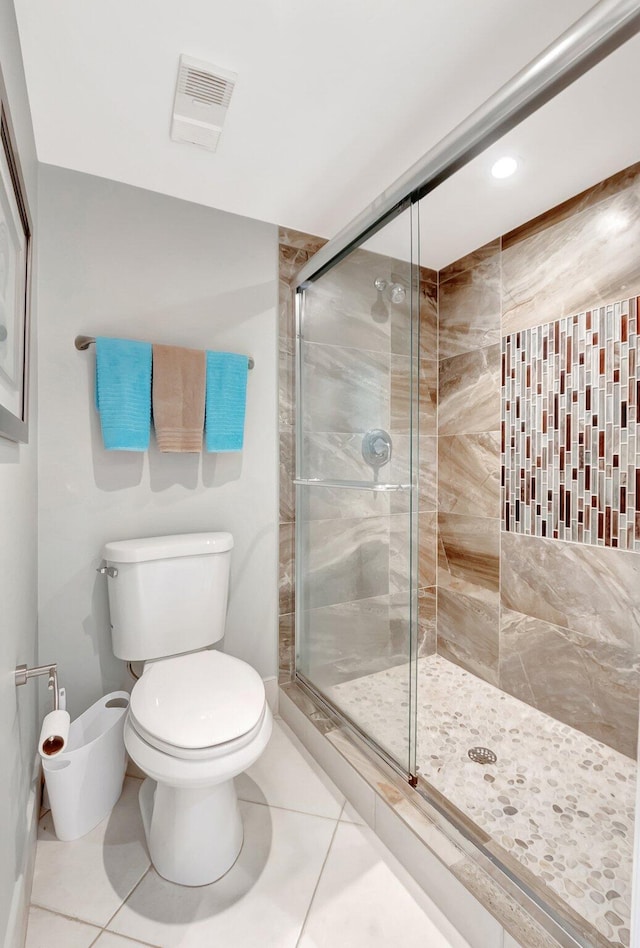 full bathroom with a stall shower, tile patterned flooring, visible vents, and toilet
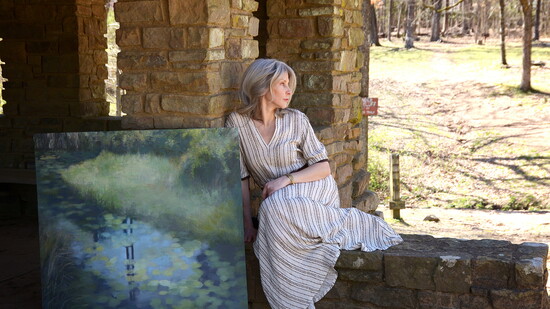 Rebekah Sanders as Georgia O'Keefe wearing Purotatto Pinstriped Flared Dress, W.KLEINBERG Matte Alligator Belt with Covered Buckle- Carriage House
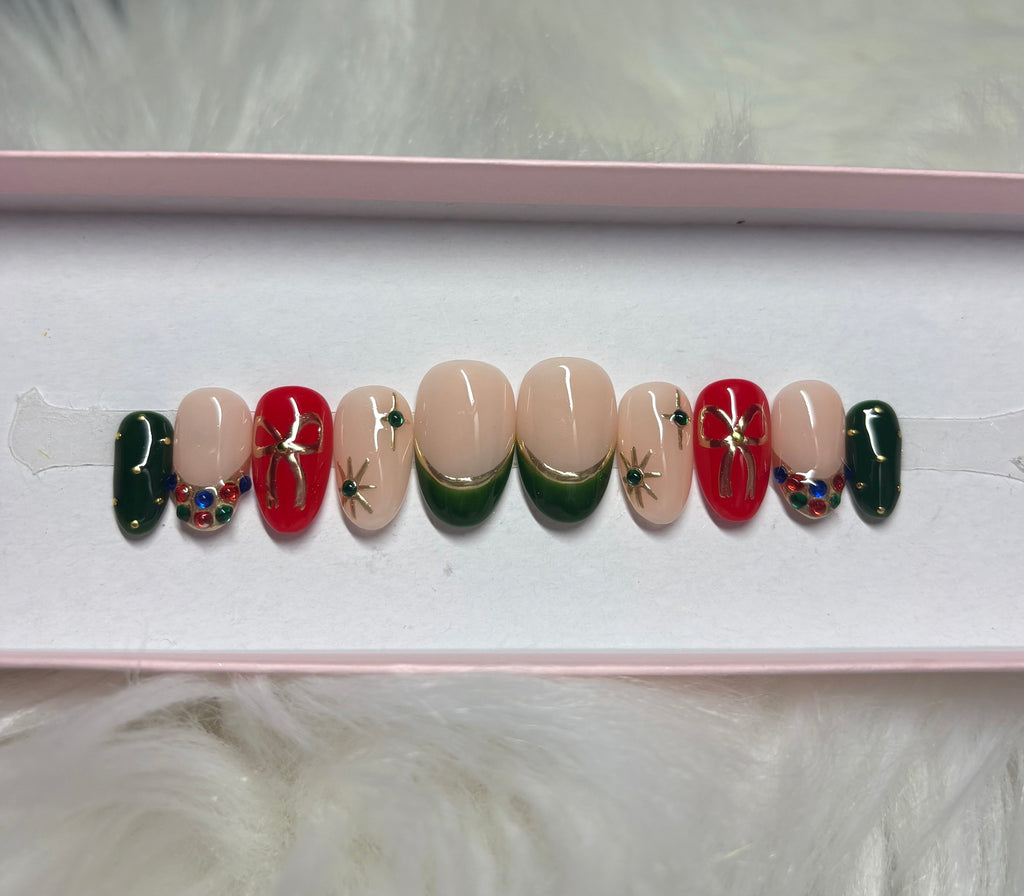red gold gems christmas holiday bow green stars press-on nails by Polished by Maddie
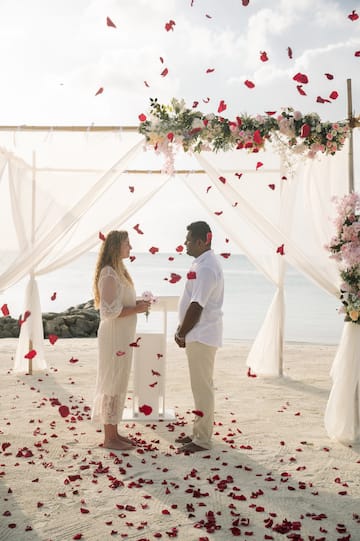 a man and woman standing under a canopy with flowers falling from the ground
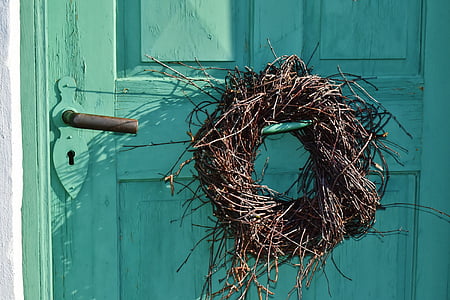 brown wreath on teal wooden closed door thumbnail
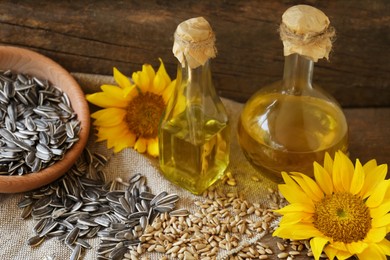 Photo of Bottles of sunflower oil, seeds and flowers on wooden table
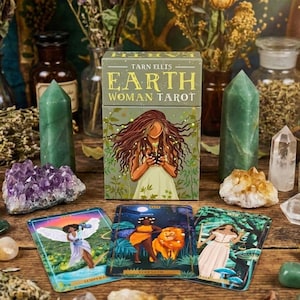 May include: A tarot card deck titled "Earth Woman Tarot" with illustrations of women and nature. The box features a woman holding a plant. Three tarot cards are displayed, along with crystals and other decorative items.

________

• TASK DETAILS:
Print the entries above exactly, taking out only the pictures.

• TASK SOLUTION:
 full bathroom with a stall shower, tile patterned flooring, visible vents, and toilet
 Rebekah Sanders as Georgia O'Keefe wearing Purotatto Pinstriped Flared Dress, W.KLEINBERG Matte Alligator Belt with Covered Buckle- Carriage House
red gold gems christmas holiday bow green stars press-on nails by Polished by Maddie
 a man and woman standing under a canopy with flowers falling from the ground
 brown wreath on teal wooden closed door thumbnail
 Photo of Bottles of sunflower oil, seeds and flowers on wooden table
 May include: A tarot card deck titled "Earth Woman Tarot" with illustrations of women and nature. The box features a woman holding a plant. Three tarot cards are displayed, along with crystals and other decorative items.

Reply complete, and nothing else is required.